◆ **ASSIGNMENT**:
An exact restatement of the entire listing is needed, excluding all images.

◆ **INFORMATION SHOWN**:
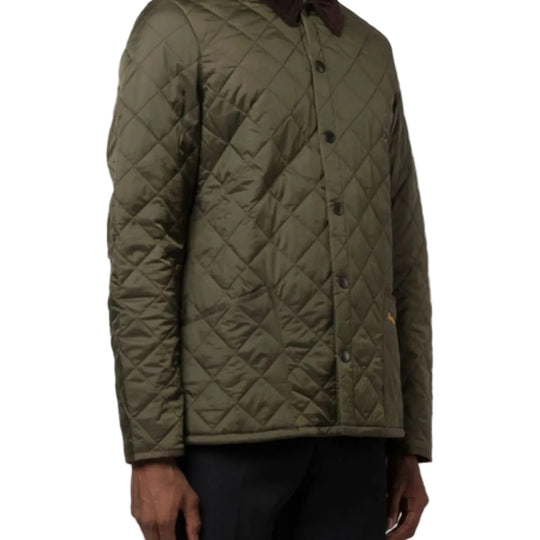 Quilted green jacket on a white background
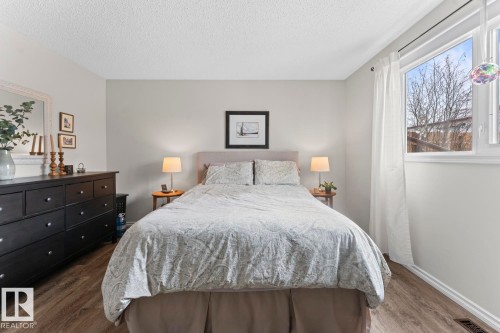 This bedroom features light-toned walls, hardwood style flooring, and a large window with white trim providing natural light - 4003 50A Avenue, Cold Lake, AB - Indoor Photo Showing Bedroom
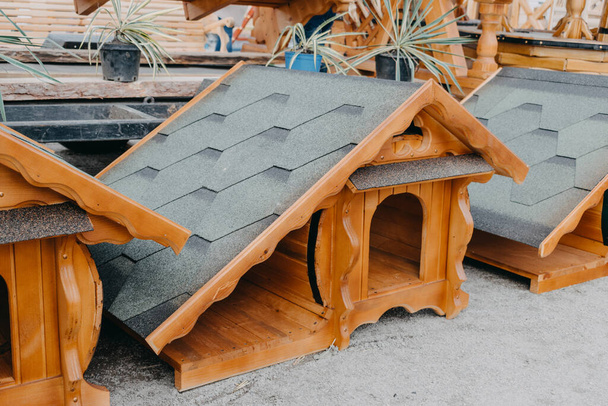Modern eco friendly wooden doghouse on shop, market. - Photo, Image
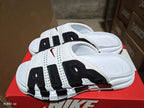 White and black Nike Air-style slide sandals with perforated upper, contrasting panels, and segmented outsole.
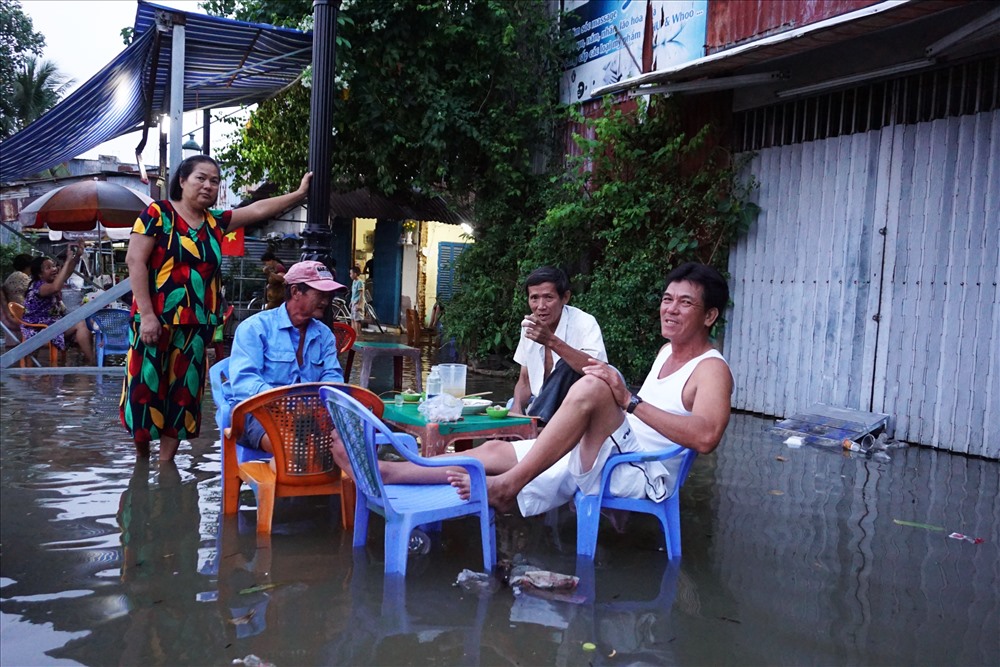 Do đã quá quen với cảnh ngập nước, nhiều người ngồi nhậu giữa lênh láng nước ở Thanh Đa.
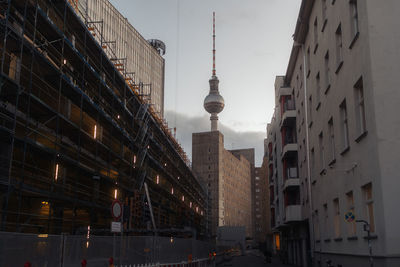 Buildings in city against sky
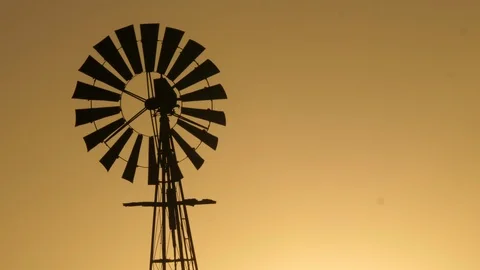 Wind generator in Namibia, Africa in 4K, sunset no cloud Stock Footage 91279584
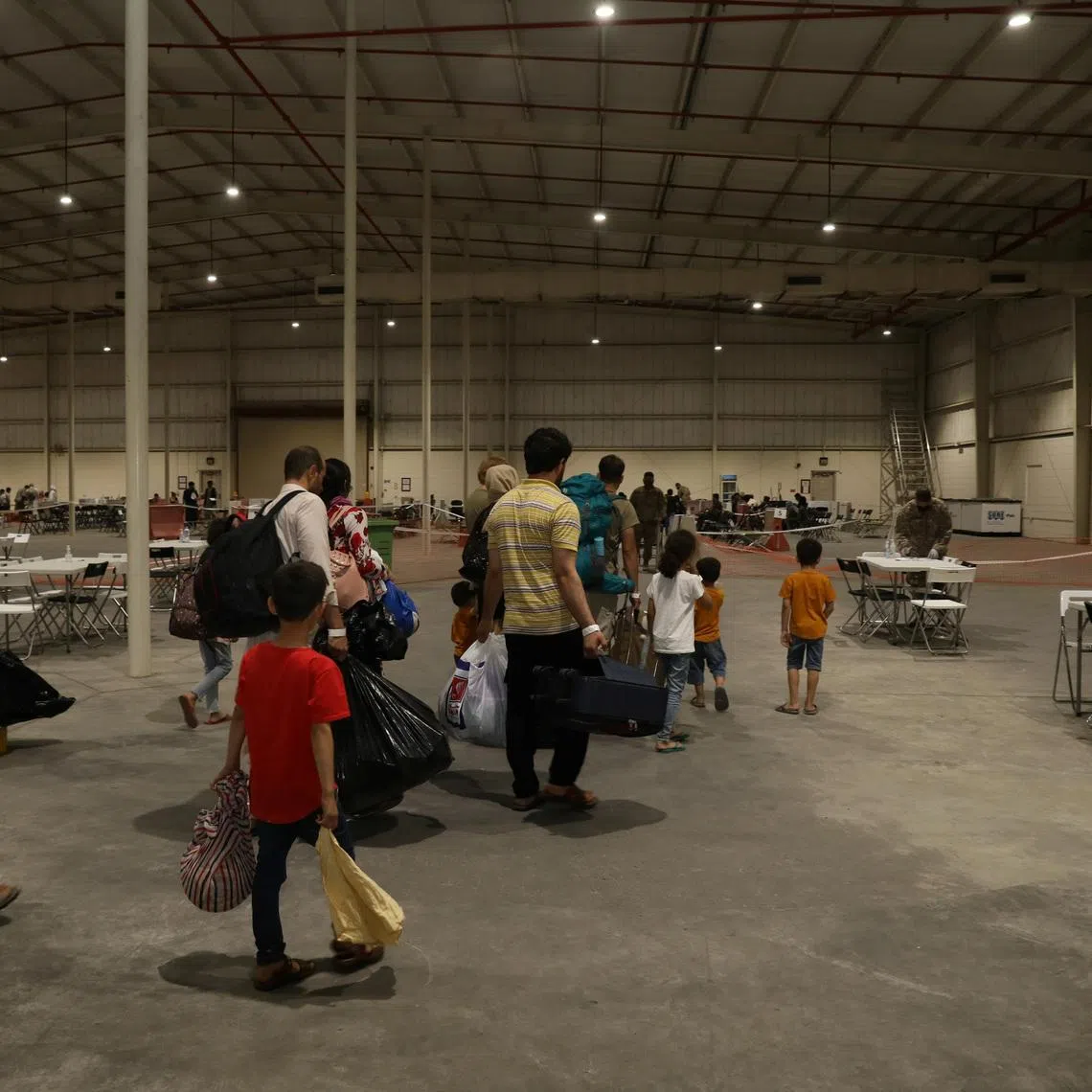 Special Immigrants from Afghanistan walk through the in-processing building after their evacuation at Camp As Sayliyah, Qatar, August 20, 2021. Picture taken August 20, 2021.  U.S. Army/Sgt. Jimmie Baker/Handout via REUTERS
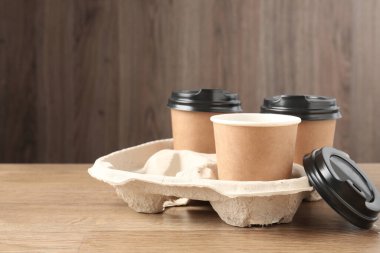 Tahta masadaki karton tutacakta kağıt kahve fincanları. Metin için boşluk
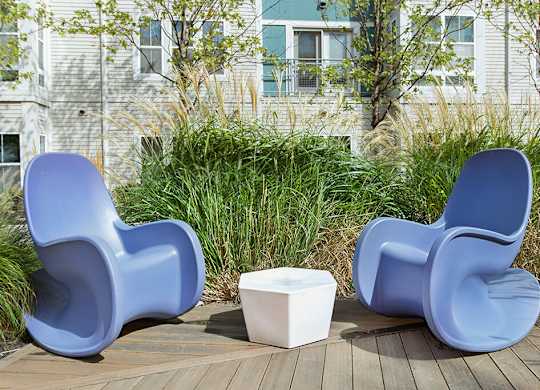 Courtyard lounge chairs at Axis Admiral Hill Apartments in Chelsea MA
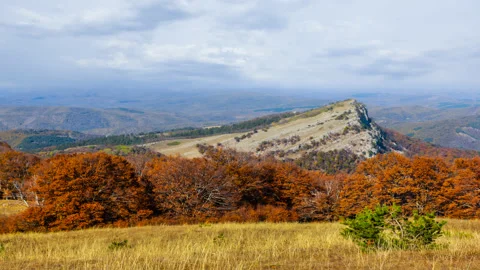 Beautiful mountain valley under a cloudy sky Stock Footage 150680994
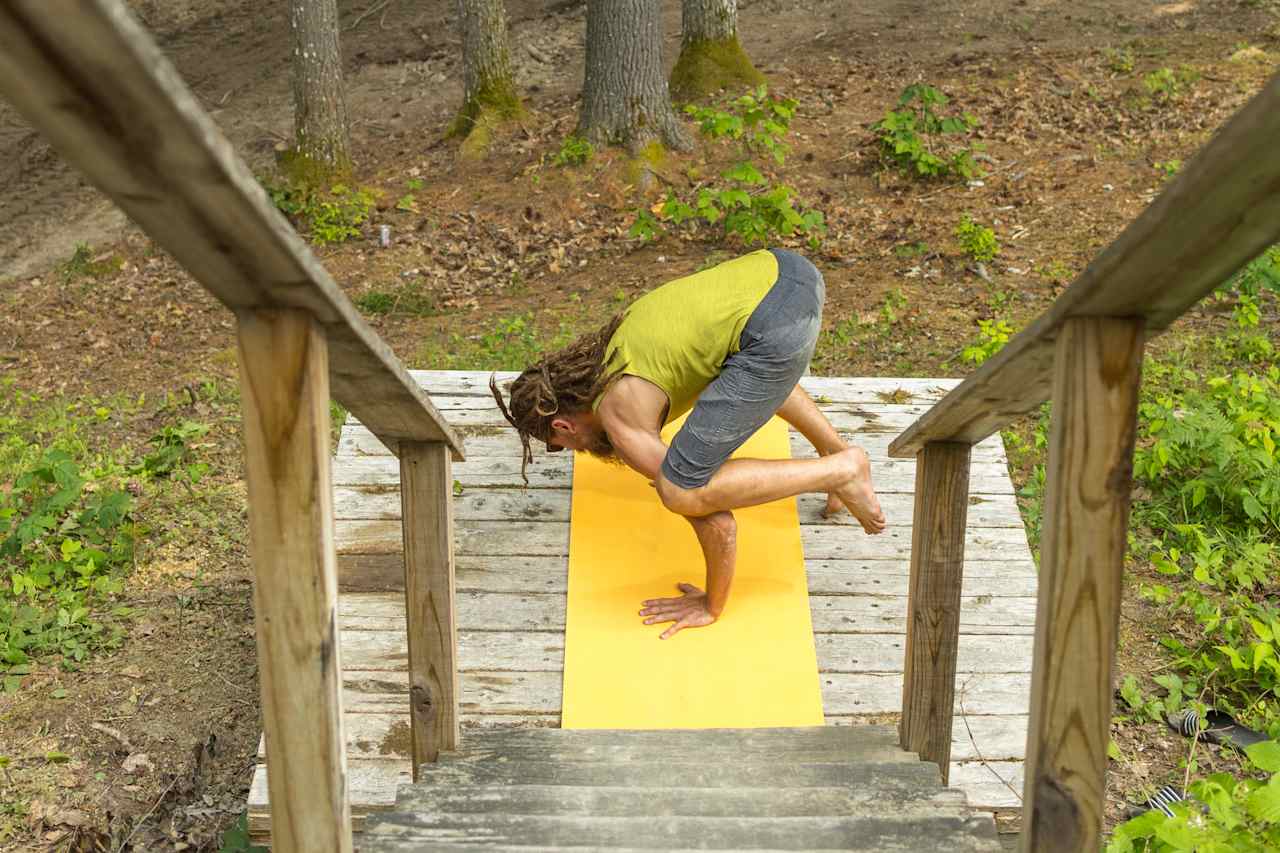 There is a yoga deck behind the sauna that can fit two mats. 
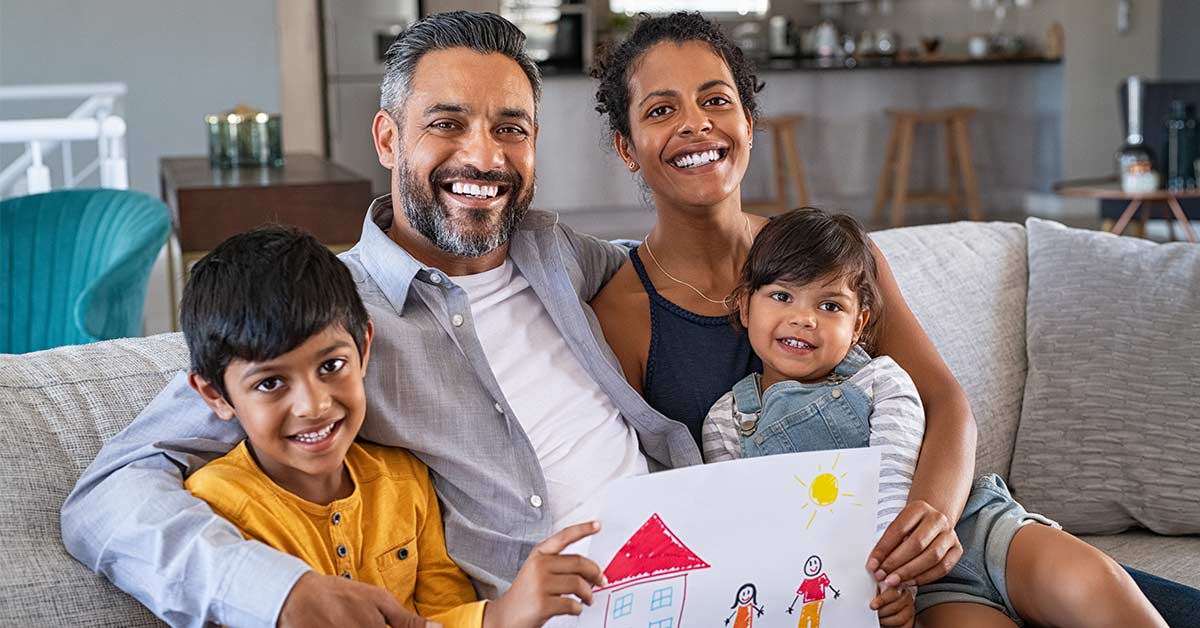 A family sitting on a couch smiling. There is mum, dad, and two children - a son and a daughter. They're holding a piece of children's art, which has a house and people drawn on it.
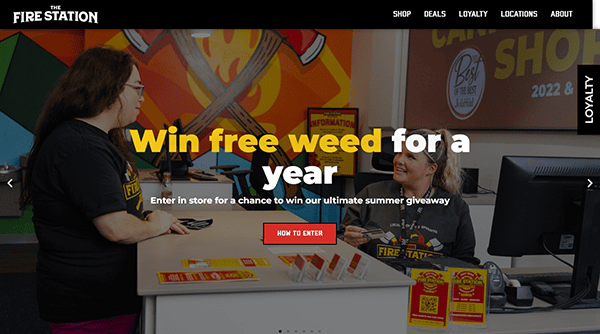 Two employees in a cannabis dispensary converse at a counter promoting a giveaway with the text "Win free weed for a year" prominently displayed.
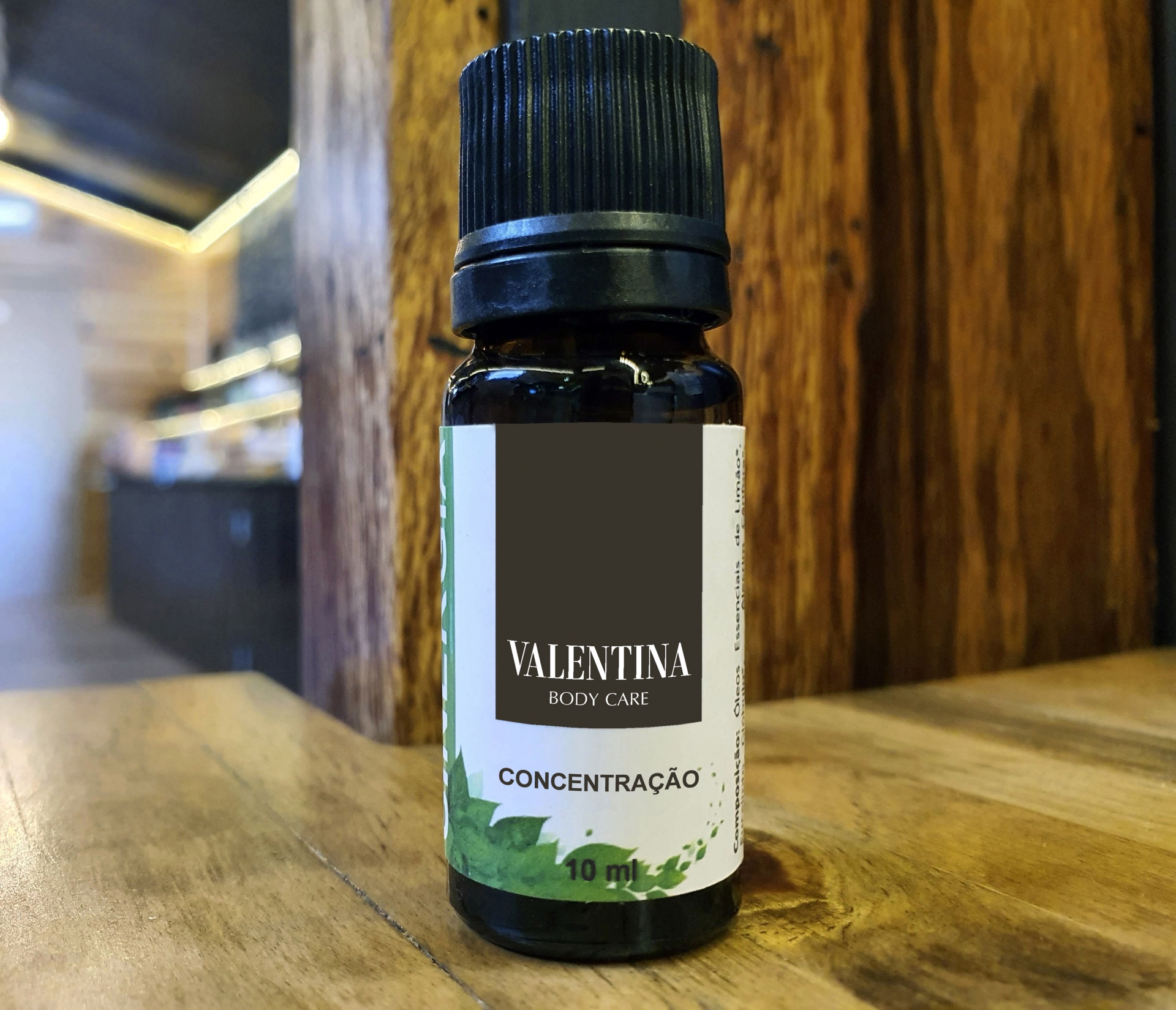 Sinergia Natural Concentração Frasco pequeno de vidro escuro com tampa preta e etiqueta branca com texto em preto, sobre mesa de madeira.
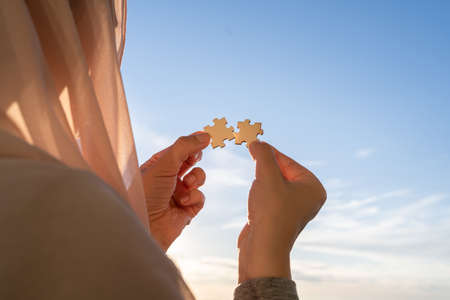 Two pieces of a puzzle in muslim women hands on sunset blue sky background. Man and woman. relationship concept. Travel, vacationの写真素材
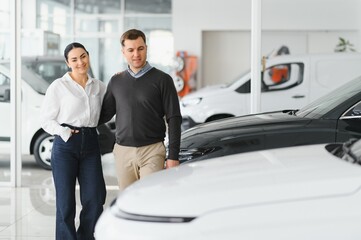 Portrait of a beautiful young couple choosing a new car at a car dealership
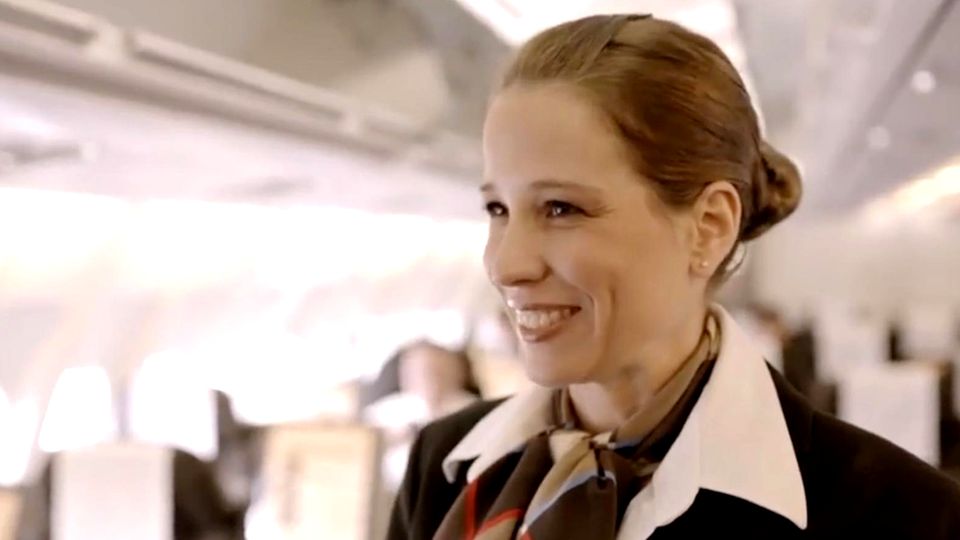 Darum verstecken Flugbegleiter beim Boarding oft eine Hand hinter ihrem Rücken Flugbegleiterin im Flugzeug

◆ **OUTPUT OF THE EXERCISE**:
 Quilted green jacket on a white background
 This bedroom features light-toned walls, hardwood style flooring, and a large window with white trim providing natural light - 4003 50A Avenue, Cold Lake, AB - Indoor Photo Showing Bedroom
Modern eco friendly wooden doghouse on shop, market. - Photo, Image
 White and black Nike Air-style slide sandals with perforated upper, contrasting panels, and segmented outsole.
 Do đã quá quen với cảnh ngập nước, nhiều người ngồi nhậu giữa lênh láng nước ở Thanh Đa.
 Buildings in city against sky
 Wind generator in Namibia, Africa in 4K, sunset no cloud Stock Footage 91279584
 Special Immigrants from Afghanistan walk through the in-processing building after their evacuation at Camp As Sayliyah, Qatar, August 20, 2021. Picture taken August 20, 2021.  U.S. Army/Sgt. Jimmie Baker/Handout via REUTERS
 Tahta masadaki karton tutacakta kağıt kahve fincanları. Metin için boşluk
 Courtyard lounge chairs at Axis Admiral Hill Apartments in Chelsea MA
 Beautiful mountain valley under a cloudy sky Stock Footage 150680994
 There is a yoga deck behind the sauna that can fit two mats. 
 A family sitting on a couch smiling. There is mum, dad, and two children - a son and a daughter. They're holding a piece of children's art, which has a house and people drawn on it.
 Two employees in a cannabis dispensary converse at a counter promoting a giveaway with the text "Win free weed for a year" prominently displayed.
 Sinergia Natural Concentração Frasco pequeno de vidro escuro com tampa preta e etiqueta branca com texto em preto, sobre mesa de madeira.
 Two pieces of a puzzle in muslim women hands on sunset blue sky background. Man and woman. relationship concept. Travel, vacationの写真素材
 Portrait of a beautiful young couple choosing a new car at a car dealership
 Darum verstecken Flugbegleiter beim Boarding oft eine Hand hinter ihrem Rücken Flugbegleiterin im Flugzeug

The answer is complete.